1964年、京都・宇治川に建設された天ヶ瀬ダム。
今回は京都への引っ越しを検討中の方に向け、天ヶ瀬ダムの再開発にともなって2020年7月に貫通した水路トンネルをピックアップ。
日本最大級となる水路トンネル完成後の効果と、トンネル貫通までの流れについてご紹介します。
2021年末完成予定の京都・天ケ瀬ダム再開発~水路トンネルの効果は?
琵琶湖から流れる宇治川は、近畿地方の重要な水源となる河川です。
天ヶ瀬ダムは宇治川をせき止めて流水量を調節するほか、琵琶湖周辺と淀川流域におよぼす浸水被害に備える治水機能、水力発電所への総水量の増強、下流地域の水道水の確保など、多くの役割を担っています。
そんな天ヶ瀬ダムも1964年の誕生から50年以上を経て、現在、再開発事業が進められています。
そして2020年7月、天ヶ瀬ダム再開発事業完成に先駆けて、トンネル式放流設備の水路トンネルが貫通。

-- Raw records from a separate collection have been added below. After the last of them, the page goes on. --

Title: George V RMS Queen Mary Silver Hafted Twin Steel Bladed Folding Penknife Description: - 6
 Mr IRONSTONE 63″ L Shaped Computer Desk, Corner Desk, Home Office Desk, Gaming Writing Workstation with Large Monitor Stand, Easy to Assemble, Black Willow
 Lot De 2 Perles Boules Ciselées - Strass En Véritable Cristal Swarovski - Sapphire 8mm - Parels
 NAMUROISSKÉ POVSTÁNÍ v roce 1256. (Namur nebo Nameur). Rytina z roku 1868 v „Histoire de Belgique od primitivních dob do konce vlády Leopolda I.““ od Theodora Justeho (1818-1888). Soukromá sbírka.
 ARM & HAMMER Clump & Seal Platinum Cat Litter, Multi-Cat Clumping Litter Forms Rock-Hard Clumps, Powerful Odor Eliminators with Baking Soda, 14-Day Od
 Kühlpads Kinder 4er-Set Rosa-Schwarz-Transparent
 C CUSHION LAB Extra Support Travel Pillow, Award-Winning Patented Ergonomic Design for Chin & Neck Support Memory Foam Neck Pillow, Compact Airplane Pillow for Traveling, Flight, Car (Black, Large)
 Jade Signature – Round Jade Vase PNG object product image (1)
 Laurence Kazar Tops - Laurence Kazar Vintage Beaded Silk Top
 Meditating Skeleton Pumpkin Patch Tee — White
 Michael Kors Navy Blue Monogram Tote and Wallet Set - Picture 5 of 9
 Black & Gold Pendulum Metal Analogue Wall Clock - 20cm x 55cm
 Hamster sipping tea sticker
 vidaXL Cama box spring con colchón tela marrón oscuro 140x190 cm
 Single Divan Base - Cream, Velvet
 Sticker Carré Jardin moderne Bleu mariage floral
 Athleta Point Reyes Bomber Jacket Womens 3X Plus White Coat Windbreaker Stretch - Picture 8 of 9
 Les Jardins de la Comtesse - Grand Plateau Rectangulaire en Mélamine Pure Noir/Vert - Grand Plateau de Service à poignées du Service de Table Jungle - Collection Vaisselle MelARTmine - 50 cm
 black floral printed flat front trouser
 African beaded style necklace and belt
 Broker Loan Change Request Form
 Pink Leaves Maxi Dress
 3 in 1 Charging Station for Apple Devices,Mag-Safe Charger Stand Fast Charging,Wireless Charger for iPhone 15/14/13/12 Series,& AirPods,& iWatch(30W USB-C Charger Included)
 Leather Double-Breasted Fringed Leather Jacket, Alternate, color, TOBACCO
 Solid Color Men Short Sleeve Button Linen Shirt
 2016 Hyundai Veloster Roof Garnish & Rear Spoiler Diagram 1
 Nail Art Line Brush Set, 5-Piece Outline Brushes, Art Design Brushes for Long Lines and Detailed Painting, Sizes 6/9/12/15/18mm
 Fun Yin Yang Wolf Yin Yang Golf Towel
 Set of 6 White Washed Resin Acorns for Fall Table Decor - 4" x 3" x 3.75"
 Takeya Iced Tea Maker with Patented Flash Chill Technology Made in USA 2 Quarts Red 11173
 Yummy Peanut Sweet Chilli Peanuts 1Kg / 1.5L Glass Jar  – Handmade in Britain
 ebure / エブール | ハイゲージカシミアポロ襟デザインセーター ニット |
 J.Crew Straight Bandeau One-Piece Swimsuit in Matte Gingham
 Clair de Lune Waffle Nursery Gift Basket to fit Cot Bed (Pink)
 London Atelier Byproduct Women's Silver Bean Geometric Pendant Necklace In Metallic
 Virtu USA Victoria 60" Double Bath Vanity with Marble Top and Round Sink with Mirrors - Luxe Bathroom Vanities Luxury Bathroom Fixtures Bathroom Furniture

一般的な道路トンネルの7倍から8倍の大断面を持ち、日本最大級となるこの水路トンネルの運用により、放流量を既存のダム本体と合わせて毎秒900トンから1500トンに増強して貯水量の効率的な調整機能を発揮。
上流での浸水被害の軽減効果とともに、トンネル内に構築される減勢池部によりダム貯水湖から宇治川へ水を放流する際に水圧を弱め、宇治市など下流に向けた洪水調節機能が期待されています。
2021年末完成予定の京都・天ケ瀬ダム再開発~水路トンネル貫通までの流れ
では日本最大級となる水路トンネルは、どのような流れで貫通したのでしょうか。
水路トンネルの掘削作業は、まず小さなトンネルを掘ることから始まりました。
予定されるトンネルアーチ部分の左右と中央に小さなトンネルを掘り、続いてアーチ部分全体を掘削。
徐々にトンネル断面を広げるように、段階を経て掘り進められました。
ただし掘削作業はすべて順調に進んだわけではなく、掘り進めるなかで予想以上の土圧があることが判明し、土留めの代わりとなる鉄筋コンクリートの円柱支保工をトンネルの両面側に構築する新たな策が講じられることに。
縦長の大断面を持つ日本最大級の水路トンネルは、そうした試行錯誤を経て2020年7月、ついに貫通のときを迎えました。
まとめ
天ヶ瀬ダムの再開発事業完成に先駆け、2020年7月に貫通した日本最大級の水路トンネル。
2021年末に再開発事業の完成を迎えた暁には、安定した水道水の供給をはじめ、京都周辺の浸水被害などを回避するための重要な役割を担います。
日本各地で大雨による被害が続くなか、住民の不安を解消してくれる天ヶ瀬ダム再開発の完成は待ち遠しい限りですね。